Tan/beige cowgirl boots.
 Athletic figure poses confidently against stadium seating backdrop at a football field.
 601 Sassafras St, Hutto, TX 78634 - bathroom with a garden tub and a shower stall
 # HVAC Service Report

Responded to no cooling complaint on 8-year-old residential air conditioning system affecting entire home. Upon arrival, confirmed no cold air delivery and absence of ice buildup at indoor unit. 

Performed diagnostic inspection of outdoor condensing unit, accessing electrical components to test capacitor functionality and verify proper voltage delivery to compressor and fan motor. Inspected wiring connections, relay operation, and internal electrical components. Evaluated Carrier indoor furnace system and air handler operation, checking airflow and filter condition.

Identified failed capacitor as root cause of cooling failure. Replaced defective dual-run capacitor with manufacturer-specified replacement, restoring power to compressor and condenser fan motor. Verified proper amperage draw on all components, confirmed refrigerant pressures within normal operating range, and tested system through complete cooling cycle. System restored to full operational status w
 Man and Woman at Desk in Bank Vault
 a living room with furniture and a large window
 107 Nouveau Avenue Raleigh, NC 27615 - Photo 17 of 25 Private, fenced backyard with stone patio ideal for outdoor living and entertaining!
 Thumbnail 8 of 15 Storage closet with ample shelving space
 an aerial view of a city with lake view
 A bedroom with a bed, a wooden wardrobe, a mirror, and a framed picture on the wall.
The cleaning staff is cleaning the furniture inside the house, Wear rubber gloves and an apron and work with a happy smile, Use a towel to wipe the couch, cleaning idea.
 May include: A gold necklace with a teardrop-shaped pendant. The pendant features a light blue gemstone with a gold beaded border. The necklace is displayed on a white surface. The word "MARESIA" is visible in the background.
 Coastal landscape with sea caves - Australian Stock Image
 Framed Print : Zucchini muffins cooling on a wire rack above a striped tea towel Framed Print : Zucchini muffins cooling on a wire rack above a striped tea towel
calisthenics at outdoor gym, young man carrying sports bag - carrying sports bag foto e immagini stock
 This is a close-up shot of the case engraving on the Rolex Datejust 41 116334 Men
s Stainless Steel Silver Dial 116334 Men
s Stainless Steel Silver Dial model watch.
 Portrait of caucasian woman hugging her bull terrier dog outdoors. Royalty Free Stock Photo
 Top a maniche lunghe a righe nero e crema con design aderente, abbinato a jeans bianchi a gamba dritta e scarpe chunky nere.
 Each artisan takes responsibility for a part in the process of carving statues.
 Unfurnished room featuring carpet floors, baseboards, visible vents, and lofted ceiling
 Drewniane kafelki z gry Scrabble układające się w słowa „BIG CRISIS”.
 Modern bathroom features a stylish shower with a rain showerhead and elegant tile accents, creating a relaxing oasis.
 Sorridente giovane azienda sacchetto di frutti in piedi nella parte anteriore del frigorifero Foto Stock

• • •

* Exercise: Your answer must be the lines above from the one containing "Thumbnail 8 of" to the one containing "May include: A", both included, restated word for word.

* Task answer:
 Thumbnail 8 of 15 Storage closet with ample shelving space
 an aerial view of a city with lake view
 A bedroom with a bed, a wooden wardrobe, a mirror, and a framed picture on the wall.
The cleaning staff is cleaning the furniture inside the house, Wear rubber gloves and an apron and work with a happy smile, Use a towel to wipe the couch, cleaning idea.
 May include: A gold necklace with a teardrop-shaped pendant. The pendant features a light blue gemstone with a gold beaded border. The necklace is displayed on a white surface. The word "MARESIA" is visible in the background.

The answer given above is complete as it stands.